=== Begin Enclosure ===

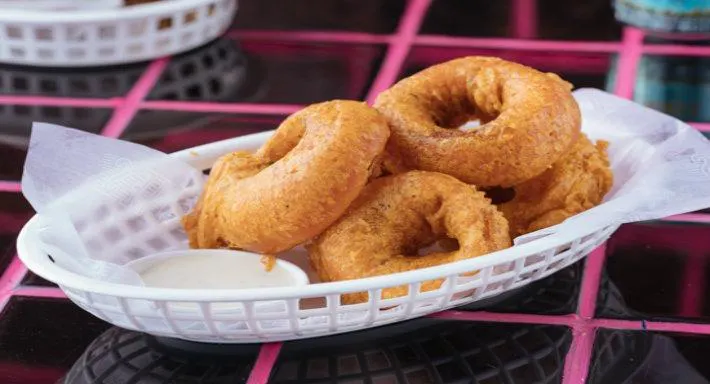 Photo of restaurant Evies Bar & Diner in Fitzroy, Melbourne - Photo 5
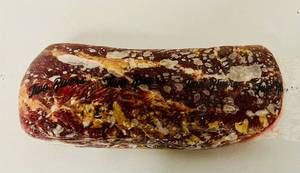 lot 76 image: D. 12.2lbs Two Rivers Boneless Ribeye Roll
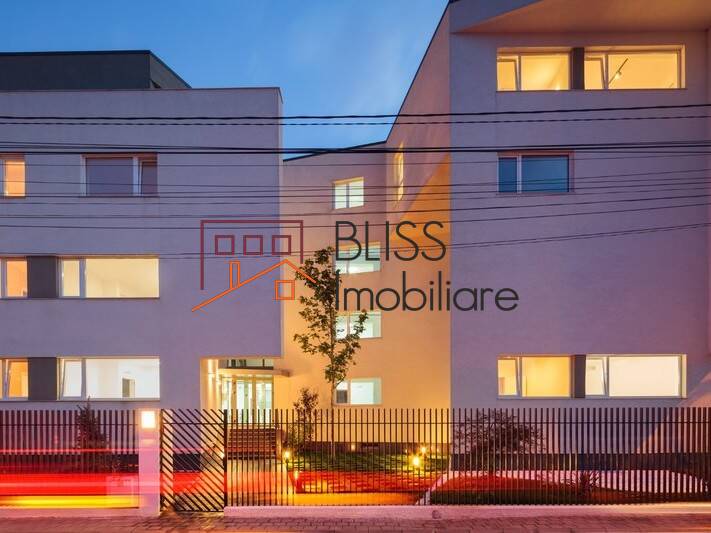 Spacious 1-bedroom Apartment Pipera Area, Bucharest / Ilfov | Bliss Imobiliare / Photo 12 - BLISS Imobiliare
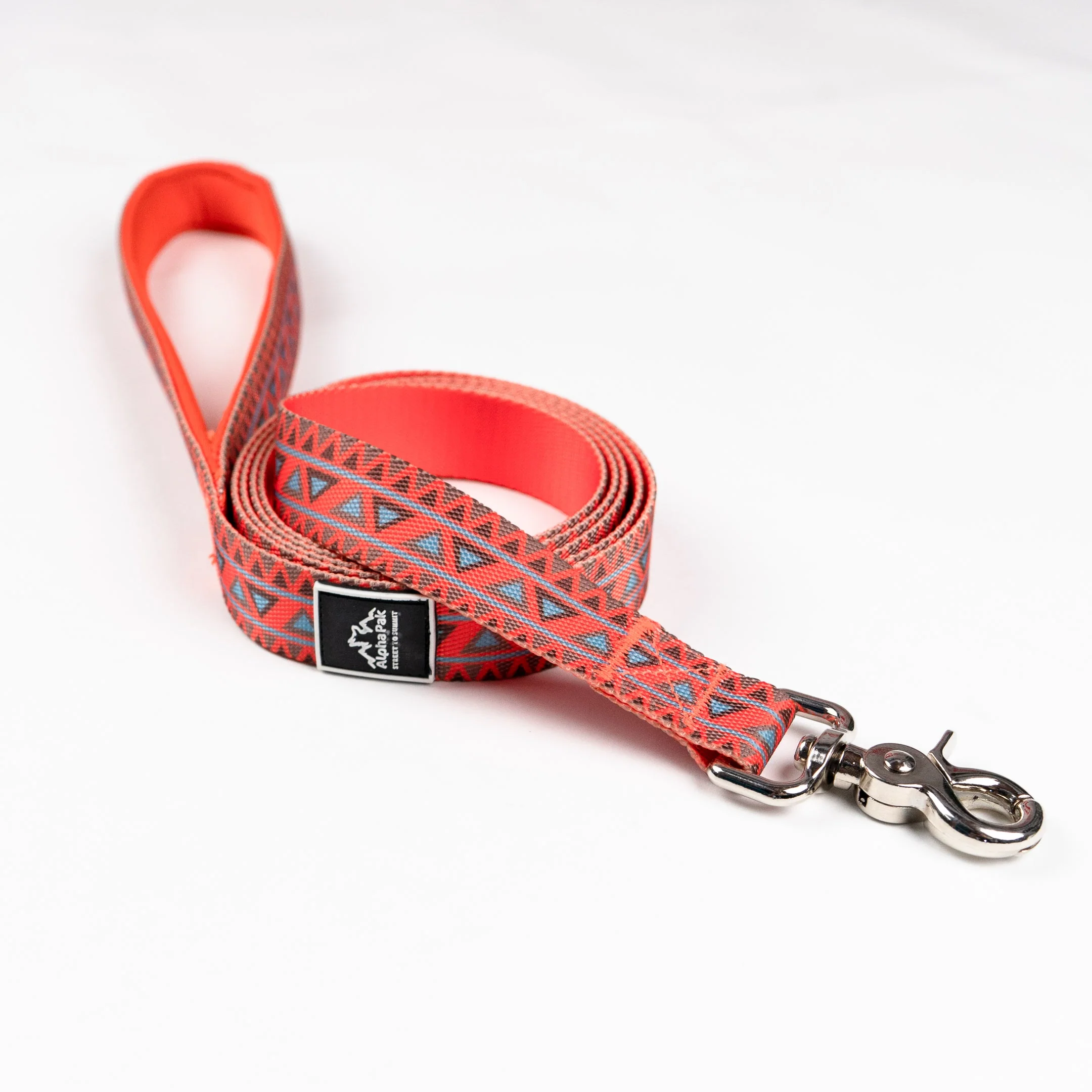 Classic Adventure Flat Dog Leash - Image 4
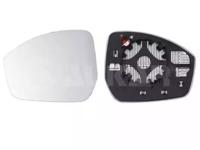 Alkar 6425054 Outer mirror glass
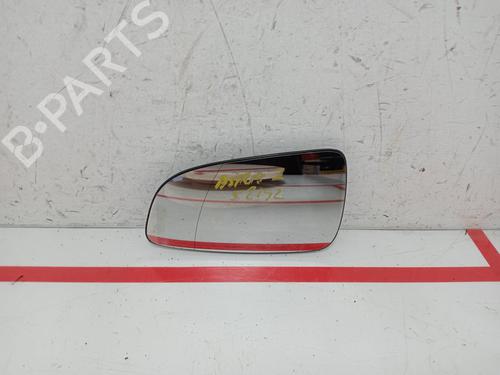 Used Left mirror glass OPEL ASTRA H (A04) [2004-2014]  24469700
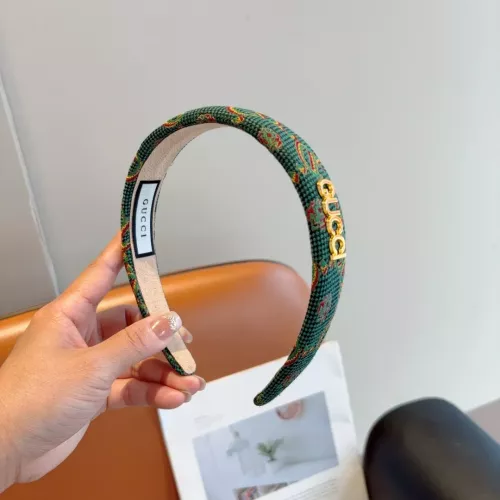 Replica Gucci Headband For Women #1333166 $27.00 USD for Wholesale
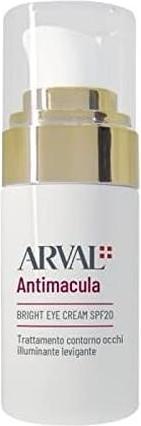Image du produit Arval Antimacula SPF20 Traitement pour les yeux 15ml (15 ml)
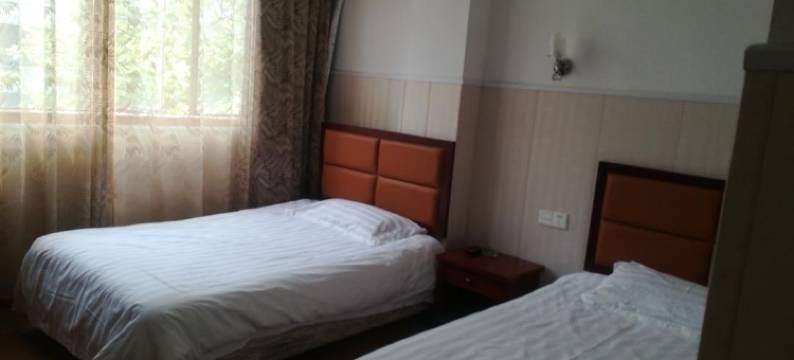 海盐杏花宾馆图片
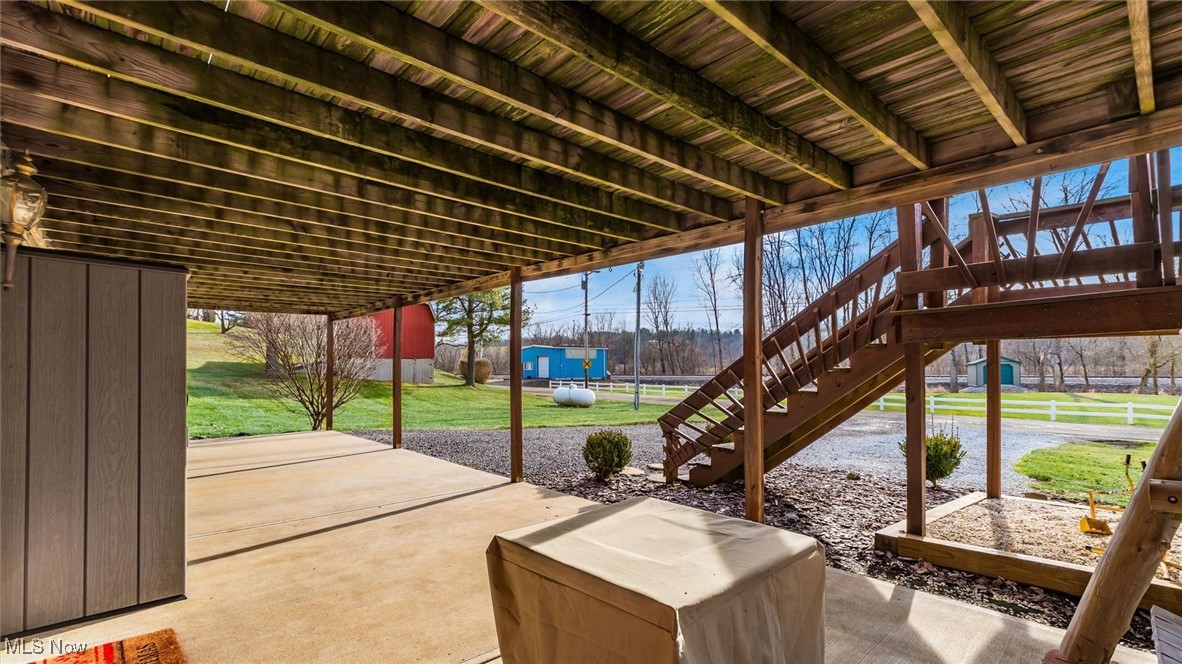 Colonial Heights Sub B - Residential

=== End Enclosure ===
=== Begin Enclosure ===

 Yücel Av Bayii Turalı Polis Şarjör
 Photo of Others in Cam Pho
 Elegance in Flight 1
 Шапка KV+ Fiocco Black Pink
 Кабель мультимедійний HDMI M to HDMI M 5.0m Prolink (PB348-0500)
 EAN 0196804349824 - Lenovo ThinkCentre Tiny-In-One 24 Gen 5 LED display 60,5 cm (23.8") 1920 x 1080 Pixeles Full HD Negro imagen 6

=== End Enclosure ===

→ **TASK DETAILS**: Look above for the line with "Photo of restaurant"; quote it and every line after it, stopping after the line with "Alkar 6425054 Outer mirror glass", exactly, with nothing added and without pictures.

→ **ANSWER SECTION**:
 Photo of restaurant Evies Bar & Diner in Fitzroy, Melbourne - Photo 5
 lot 76 image: D. 12.2lbs Two Rivers Boneless Ribeye Roll
 Spacious 1-bedroom Apartment Pipera Area, Bucharest / Ilfov | Bliss Imobiliare / Photo 12 - BLISS Imobiliare
 Classic Adventure Flat Dog Leash - Image 4
 Alkar 6425054 Outer mirror glass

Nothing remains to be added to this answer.